[The data Boundary: Start]
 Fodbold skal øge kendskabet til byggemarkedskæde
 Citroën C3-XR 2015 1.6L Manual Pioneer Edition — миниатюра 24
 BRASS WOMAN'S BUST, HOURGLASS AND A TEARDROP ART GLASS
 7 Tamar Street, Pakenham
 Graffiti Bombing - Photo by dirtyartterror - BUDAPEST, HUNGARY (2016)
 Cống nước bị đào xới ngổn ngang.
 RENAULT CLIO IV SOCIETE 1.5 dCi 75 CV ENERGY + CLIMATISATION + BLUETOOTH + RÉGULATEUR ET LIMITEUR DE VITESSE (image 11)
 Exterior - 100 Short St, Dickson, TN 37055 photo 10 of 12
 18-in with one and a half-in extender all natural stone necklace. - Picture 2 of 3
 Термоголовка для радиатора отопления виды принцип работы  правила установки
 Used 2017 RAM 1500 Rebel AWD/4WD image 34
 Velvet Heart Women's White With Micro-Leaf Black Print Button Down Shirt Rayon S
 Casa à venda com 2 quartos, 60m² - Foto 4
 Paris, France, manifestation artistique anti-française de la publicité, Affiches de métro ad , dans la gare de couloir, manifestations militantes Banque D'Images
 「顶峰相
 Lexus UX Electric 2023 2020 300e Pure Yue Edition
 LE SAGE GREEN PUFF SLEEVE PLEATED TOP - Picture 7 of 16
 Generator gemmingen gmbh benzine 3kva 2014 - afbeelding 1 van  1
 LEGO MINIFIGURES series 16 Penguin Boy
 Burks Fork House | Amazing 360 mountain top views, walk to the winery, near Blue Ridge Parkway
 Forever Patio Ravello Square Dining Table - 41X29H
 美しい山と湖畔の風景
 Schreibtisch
[The data Boundary: End]
◆ What needs to be done: Give back, unchanged, the line containing "Graffiti Bombing - Photo" and each line that comes after it in the entries above, ending with the last.

◆ Answer box:
 Graffiti Bombing - Photo by dirtyartterror - BUDAPEST, HUNGARY (2016)
 Cống nước bị đào xới ngổn ngang.
 RENAULT CLIO IV SOCIETE 1.5 dCi 75 CV ENERGY + CLIMATISATION + BLUETOOTH + RÉGULATEUR ET LIMITEUR DE VITESSE (image 11)
 Exterior - 100 Short St, Dickson, TN 37055 photo 10 of 12
 18-in with one and a half-in extender all natural stone necklace. - Picture 2 of 3
 Термоголовка для радиатора отопления виды принцип работы  правила установки
 Used 2017 RAM 1500 Rebel AWD/4WD image 34
 Velvet Heart Women's White With Micro-Leaf Black Print Button Down Shirt Rayon S
 Casa à venda com 2 quartos, 60m² - Foto 4
 Paris, France, manifestation artistique anti-française de la publicité, Affiches de métro ad , dans la gare de couloir, manifestations militantes Banque D'Images
 「顶峰相
 Lexus UX Electric 2023 2020 300e Pure Yue Edition
 LE SAGE GREEN PUFF SLEEVE PLEATED TOP - Picture 7 of 16
 Generator gemmingen gmbh benzine 3kva 2014 - afbeelding 1 van  1
 LEGO MINIFIGURES series 16 Penguin Boy
 Burks Fork House | Amazing 360 mountain top views, walk to the winery, near Blue Ridge Parkway
 Forever Patio Ravello Square Dining Table - 41X29H
 美しい山と湖畔の風景
 Schreibtisch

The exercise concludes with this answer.